Input for this task:
========================================
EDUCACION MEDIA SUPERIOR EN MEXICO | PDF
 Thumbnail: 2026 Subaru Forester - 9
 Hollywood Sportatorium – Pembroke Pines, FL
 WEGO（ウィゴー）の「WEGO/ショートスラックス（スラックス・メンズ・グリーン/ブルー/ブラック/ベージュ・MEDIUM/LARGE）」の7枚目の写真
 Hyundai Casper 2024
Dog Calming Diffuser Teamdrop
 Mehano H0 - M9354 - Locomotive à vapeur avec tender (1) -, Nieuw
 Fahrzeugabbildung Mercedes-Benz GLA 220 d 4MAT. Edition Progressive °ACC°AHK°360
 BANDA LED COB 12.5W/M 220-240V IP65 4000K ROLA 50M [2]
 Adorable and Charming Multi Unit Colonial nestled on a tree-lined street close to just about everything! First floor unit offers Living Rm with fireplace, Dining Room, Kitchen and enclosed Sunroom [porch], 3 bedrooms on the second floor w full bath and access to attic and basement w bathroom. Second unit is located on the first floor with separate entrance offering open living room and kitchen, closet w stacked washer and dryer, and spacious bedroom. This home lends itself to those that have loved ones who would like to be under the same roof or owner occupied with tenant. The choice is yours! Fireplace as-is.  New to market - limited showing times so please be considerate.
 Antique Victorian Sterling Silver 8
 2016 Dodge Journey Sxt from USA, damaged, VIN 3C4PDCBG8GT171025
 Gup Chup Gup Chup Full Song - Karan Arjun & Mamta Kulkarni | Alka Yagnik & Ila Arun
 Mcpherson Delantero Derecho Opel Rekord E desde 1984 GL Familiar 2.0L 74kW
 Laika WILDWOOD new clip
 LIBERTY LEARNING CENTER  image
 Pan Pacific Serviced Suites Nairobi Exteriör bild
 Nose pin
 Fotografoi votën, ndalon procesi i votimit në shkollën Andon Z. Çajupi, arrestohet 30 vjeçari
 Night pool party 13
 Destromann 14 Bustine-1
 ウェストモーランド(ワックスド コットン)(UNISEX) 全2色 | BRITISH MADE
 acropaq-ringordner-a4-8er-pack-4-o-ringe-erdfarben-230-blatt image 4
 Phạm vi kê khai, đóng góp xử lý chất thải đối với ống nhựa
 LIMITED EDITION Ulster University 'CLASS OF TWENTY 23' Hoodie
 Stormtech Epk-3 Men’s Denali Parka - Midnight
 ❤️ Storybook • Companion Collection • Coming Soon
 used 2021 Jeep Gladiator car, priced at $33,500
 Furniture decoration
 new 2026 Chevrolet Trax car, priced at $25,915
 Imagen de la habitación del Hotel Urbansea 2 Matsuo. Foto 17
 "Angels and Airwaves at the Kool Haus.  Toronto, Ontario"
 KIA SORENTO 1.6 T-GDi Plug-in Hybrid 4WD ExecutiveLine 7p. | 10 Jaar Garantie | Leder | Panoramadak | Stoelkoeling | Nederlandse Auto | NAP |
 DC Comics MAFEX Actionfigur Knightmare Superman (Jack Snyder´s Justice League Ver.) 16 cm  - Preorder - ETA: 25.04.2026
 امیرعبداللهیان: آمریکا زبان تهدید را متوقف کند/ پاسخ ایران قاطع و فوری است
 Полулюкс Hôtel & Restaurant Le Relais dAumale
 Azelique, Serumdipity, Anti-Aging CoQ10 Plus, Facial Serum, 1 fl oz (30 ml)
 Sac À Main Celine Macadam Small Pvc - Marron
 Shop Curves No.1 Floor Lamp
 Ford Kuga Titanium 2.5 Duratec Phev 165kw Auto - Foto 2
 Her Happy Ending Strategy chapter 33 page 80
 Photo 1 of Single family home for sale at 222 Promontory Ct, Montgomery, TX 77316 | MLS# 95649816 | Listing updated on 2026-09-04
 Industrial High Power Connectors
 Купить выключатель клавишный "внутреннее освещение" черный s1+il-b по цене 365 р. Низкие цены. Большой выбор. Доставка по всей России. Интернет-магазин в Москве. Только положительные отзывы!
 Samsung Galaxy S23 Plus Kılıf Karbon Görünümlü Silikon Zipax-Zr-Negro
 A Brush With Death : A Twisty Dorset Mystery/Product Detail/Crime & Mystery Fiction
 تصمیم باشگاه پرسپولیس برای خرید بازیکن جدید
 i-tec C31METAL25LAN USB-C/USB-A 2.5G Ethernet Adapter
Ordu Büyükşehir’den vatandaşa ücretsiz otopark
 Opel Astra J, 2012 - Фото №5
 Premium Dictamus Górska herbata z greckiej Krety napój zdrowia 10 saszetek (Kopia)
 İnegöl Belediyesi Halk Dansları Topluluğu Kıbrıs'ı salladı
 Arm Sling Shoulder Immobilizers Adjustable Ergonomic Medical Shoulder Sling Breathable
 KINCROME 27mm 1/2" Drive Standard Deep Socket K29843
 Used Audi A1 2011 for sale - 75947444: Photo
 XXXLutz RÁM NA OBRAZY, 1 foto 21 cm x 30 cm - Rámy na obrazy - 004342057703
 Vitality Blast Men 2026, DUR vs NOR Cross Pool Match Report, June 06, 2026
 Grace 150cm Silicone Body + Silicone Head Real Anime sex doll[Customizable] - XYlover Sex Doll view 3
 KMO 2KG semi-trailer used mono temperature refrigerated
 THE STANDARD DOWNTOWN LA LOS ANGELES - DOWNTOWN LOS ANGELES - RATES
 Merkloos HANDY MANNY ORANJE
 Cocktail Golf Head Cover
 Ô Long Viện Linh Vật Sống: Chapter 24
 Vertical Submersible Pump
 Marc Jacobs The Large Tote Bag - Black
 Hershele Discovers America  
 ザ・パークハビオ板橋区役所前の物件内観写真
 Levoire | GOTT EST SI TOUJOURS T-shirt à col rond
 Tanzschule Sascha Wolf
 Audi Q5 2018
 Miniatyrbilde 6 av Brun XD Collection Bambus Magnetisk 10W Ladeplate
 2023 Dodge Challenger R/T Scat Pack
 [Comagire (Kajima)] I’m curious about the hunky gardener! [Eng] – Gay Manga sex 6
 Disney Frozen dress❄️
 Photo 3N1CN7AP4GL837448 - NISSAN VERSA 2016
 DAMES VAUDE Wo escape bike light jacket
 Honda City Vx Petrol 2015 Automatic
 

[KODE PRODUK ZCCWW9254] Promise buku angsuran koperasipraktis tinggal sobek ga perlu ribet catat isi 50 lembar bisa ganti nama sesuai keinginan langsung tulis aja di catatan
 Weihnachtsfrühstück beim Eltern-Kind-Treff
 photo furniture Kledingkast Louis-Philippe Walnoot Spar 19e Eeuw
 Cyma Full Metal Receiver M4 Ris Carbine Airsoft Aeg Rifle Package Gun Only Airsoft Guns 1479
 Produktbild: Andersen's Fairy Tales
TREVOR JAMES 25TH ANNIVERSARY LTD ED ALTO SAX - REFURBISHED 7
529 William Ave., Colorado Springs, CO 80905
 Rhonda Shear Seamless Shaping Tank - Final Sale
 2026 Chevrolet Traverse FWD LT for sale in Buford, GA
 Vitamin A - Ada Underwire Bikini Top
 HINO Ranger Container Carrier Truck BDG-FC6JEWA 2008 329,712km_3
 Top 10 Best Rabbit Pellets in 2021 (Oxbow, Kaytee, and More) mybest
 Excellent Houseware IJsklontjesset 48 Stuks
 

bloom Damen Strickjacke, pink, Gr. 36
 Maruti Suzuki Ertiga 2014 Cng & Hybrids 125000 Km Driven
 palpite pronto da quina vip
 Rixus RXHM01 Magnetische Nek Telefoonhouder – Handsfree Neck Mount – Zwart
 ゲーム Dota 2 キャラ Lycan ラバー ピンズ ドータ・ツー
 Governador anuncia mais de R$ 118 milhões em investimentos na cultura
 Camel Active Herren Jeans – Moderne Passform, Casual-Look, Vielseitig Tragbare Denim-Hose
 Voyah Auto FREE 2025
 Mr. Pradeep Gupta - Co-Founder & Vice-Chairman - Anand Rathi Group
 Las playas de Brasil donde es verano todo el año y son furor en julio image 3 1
========================================
Would you copy, word for word, only the lines from the start of the listing to the one that contains "BANDA LED COB", both included?

Result of the task:
EDUCACION MEDIA SUPERIOR EN MEXICO | PDF
 Thumbnail: 2026 Subaru Forester - 9
 Hollywood Sportatorium – Pembroke Pines, FL
 WEGO（ウィゴー）の「WEGO/ショートスラックス（スラックス・メンズ・グリーン/ブルー/ブラック/ベージュ・MEDIUM/LARGE）」の7枚目の写真
 Hyundai Casper 2024
Dog Calming Diffuser Teamdrop
 Mehano H0 - M9354 - Locomotive à vapeur avec tender (1) -, Nieuw
 Fahrzeugabbildung Mercedes-Benz GLA 220 d 4MAT. Edition Progressive °ACC°AHK°360
 BANDA LED COB 12.5W/M 220-240V IP65 4000K ROLA 50M [2]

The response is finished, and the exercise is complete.